インドネシアで出会ったEDAMAMEという食文化
インドネシアの旅中にビンタンビールを飲んでいたらさっと出してくれたのが枝豆だ。湯でてから少し塩を振ってくれた定番の味、すぐに僕の心は日本に吹き飛ばされる。同行していたミトちゃんが、「いやー完全にジャパンやわー」と喜ぶ。形と豆の大きさからすぐに台湾の品種だということがわかった、台湾から冷凍を輸入しているのかなと最初は思っていたのだが、あとから調べてみるとインドネシア産であることがわかった。すでに台湾は種苗の輸出禁止をしているため、昔輸入できた台湾の高雄系の品種を丁寧に増やしているらしい。その推測は半分ぐらい当たっていたというわけだ。
台湾の枝豆?というとみんなピンとこないが、セブンイレブンで売られているテトラポット型のチルド枝豆が台湾のものというとみんなえーっという。そう台湾枝豆は非常に美味しい。WAGYUMAFIA THE BUTCHER'S KITCHENを作ってすぐに枝豆をメニューに入れた。日本だったら居酒屋の定番ぐらいにしか思わないが、こうやってインドネシアの何もない大海原で出てくるこの緑豆のシンプルな蒸し物は最高に美味しい。WAGYUMAFIAでは蒸さずに、JOSPER GRILLで備長炭で火入れするだけだ。季節によってブランドや生産者が変わる。この枝豆を食べにわざわざやってきてくれる人も多い。

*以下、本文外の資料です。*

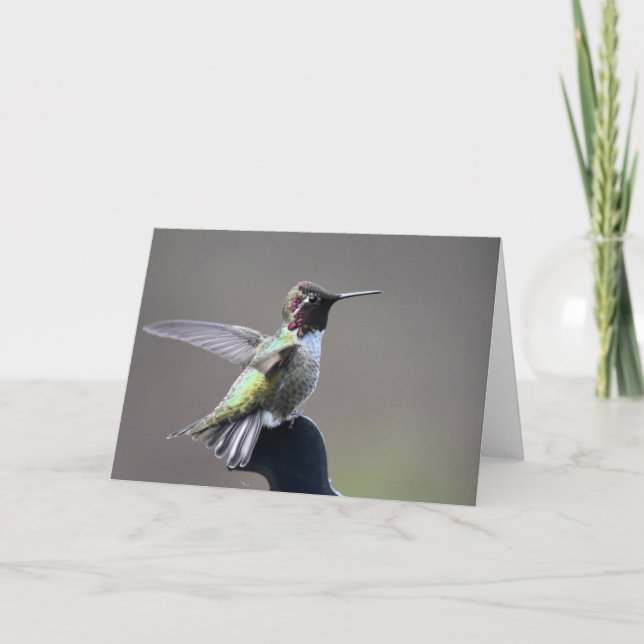 Hummingbird Frameable Art Card (Front)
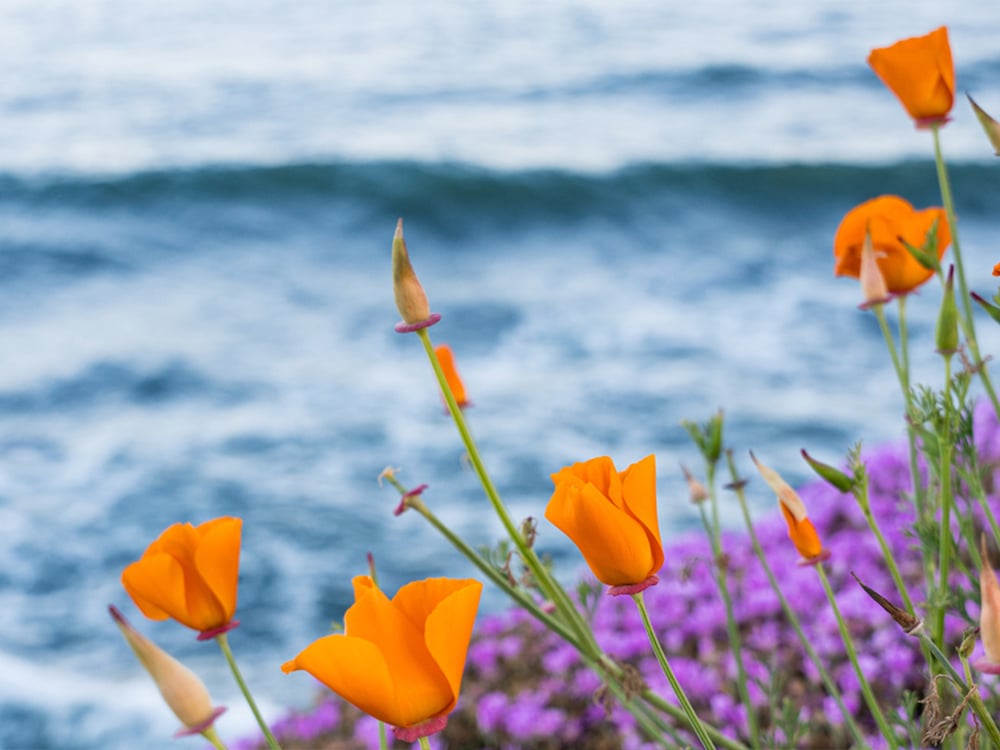 Pleasure Point Eascliff Drive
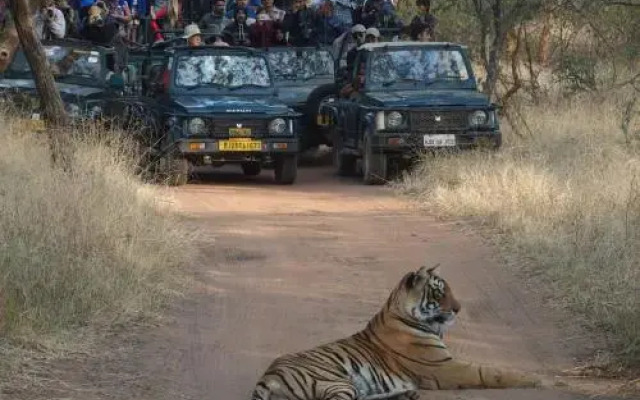 Ranthambore Tiger Home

EDAMAMEという食は、僕がニューヨークにいた90年代後半ぐらいからあったような気がする。日本食のブームとともに完全にEDAMAMEは市民権を得ているのはご存知の通り。枝豆の起源は出自が色々と存在するのだが、日本では平安時代の書に「未熟な種子である枝豆を茹でて食べる」という表記があるらしい。定番化するのは江戸時代かららしいが、こうしてブランドの枝豆が自由に選べるようになったのはここ最近のことだろう。日本在来種は山形鶴岡のだだちゃまめ。いわゆる茶豆の一種だが、こういうした冷凍しない形で出荷される枝豆は全体の数パーセントだ。テーブルにあがるそのほとんどの枝豆が冷凍で、台湾産を筆頭に今回食べたインドネシア産も含めて数多くの枝豆が冷凍輸入されている。